Start of Block

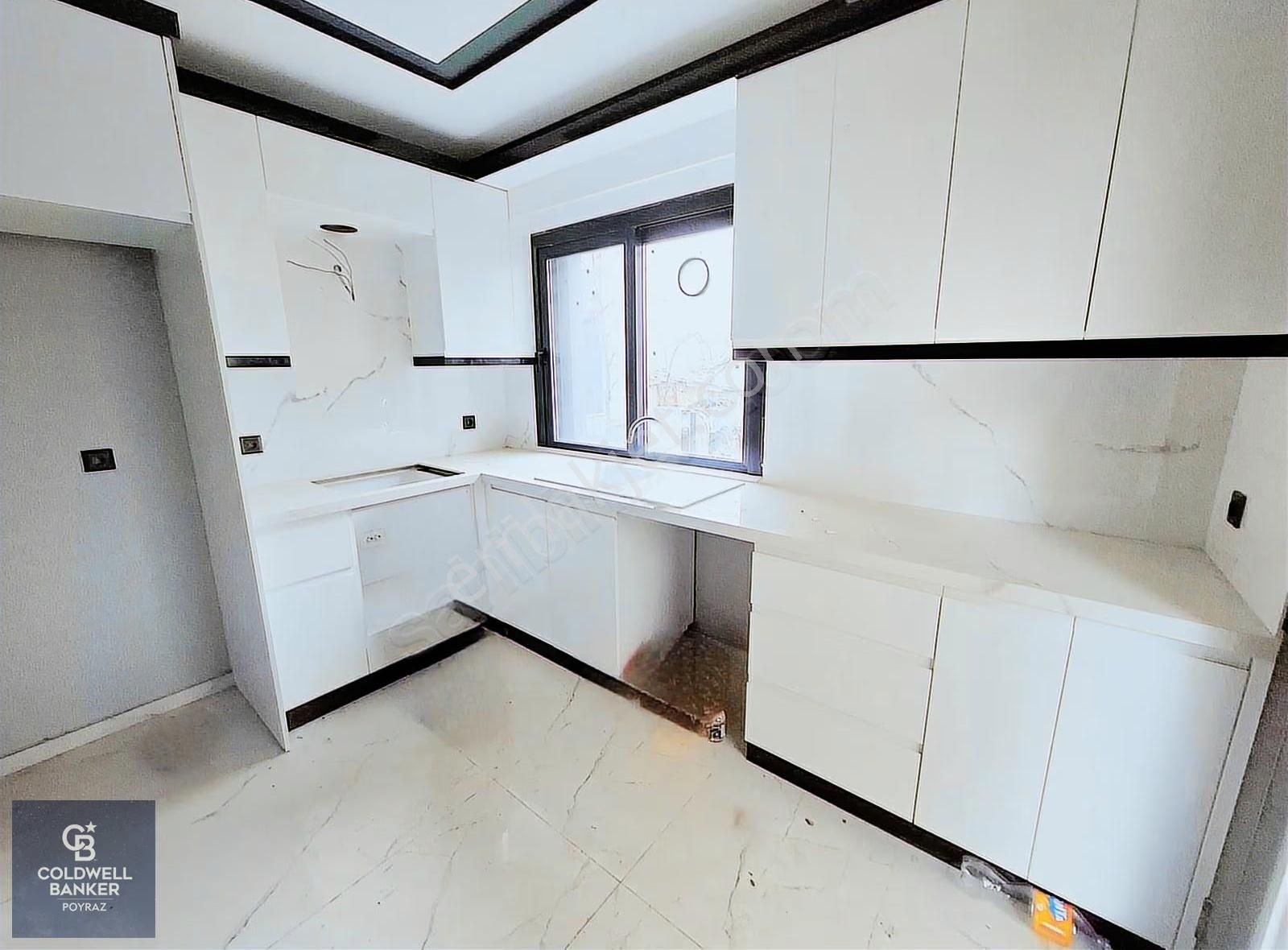 Menderes Coldwell Banker Poyraz'dan Dubleks 4+1 Lüks Villa - Görsel 4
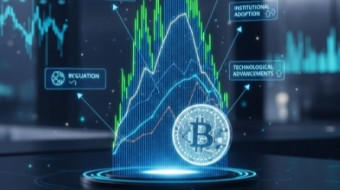 Bitcoin's (BTC) Trends in 2025: Its Course, Market Dynamics, and Updates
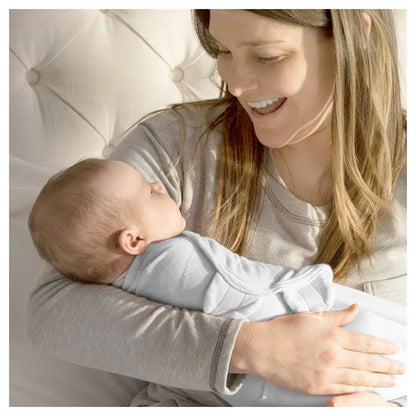 Ingenuity SwaddleMe Original Swaddle 3-Pack (Mountaineer)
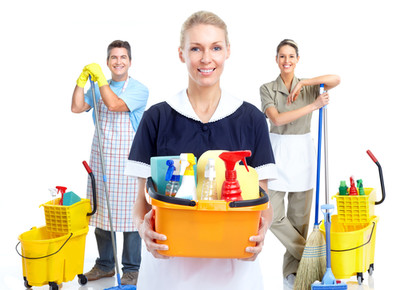 Сервис подбора помощников по дому как новое направление бизнеса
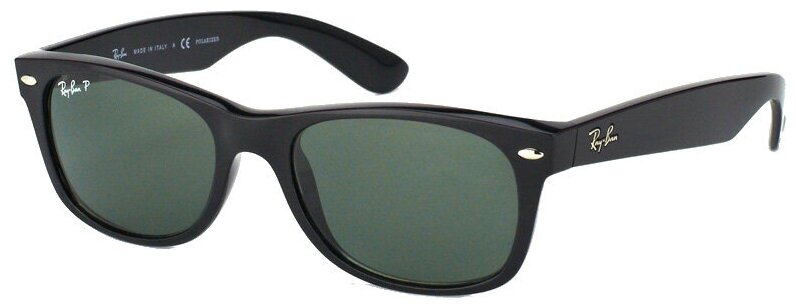 Солнцезащитные очки Ray-Ban RB 2132 901/58 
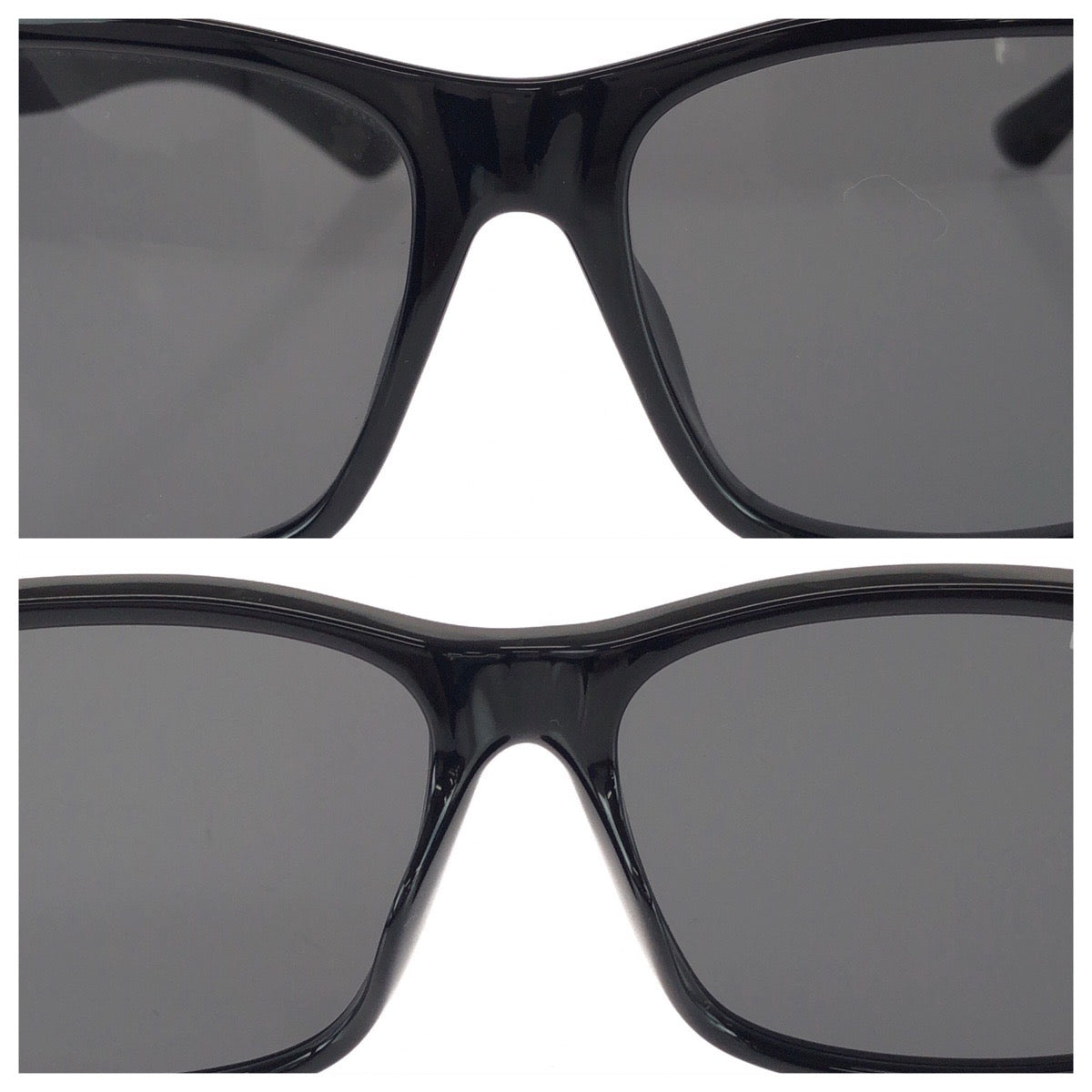 26051
GUCCI グッチ シェリーライン ロゴプレート サイズ57□16 ブラック 黒 ゴールド金具 プラスチック / メタル GG0746SA サングラス 男女兼用 スクエア メンズ ABP15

End of Block

- [Exercise details]:
Quote the material word for word, dropping any images it holds.

- [Finished exercise]:
 Menderes Coldwell Banker Poyraz'dan Dubleks 4+1 Lüks Villa - Görsel 4
 Bitcoin's (BTC) Trends in 2025: Its Course, Market Dynamics, and Updates
 Ingenuity SwaddleMe Original Swaddle 3-Pack (Mountaineer)
 Сервис подбора помощников по дому как новое направление бизнеса
 Солнцезащитные очки Ray-Ban RB 2132 901/58 
 26051
GUCCI グッチ シェリーライン ロゴプレート サイズ57□16 ブラック 黒 ゴールド金具 プラスチック / メタル GG0746SA サングラス 男女兼用 スクエア メンズ ABP15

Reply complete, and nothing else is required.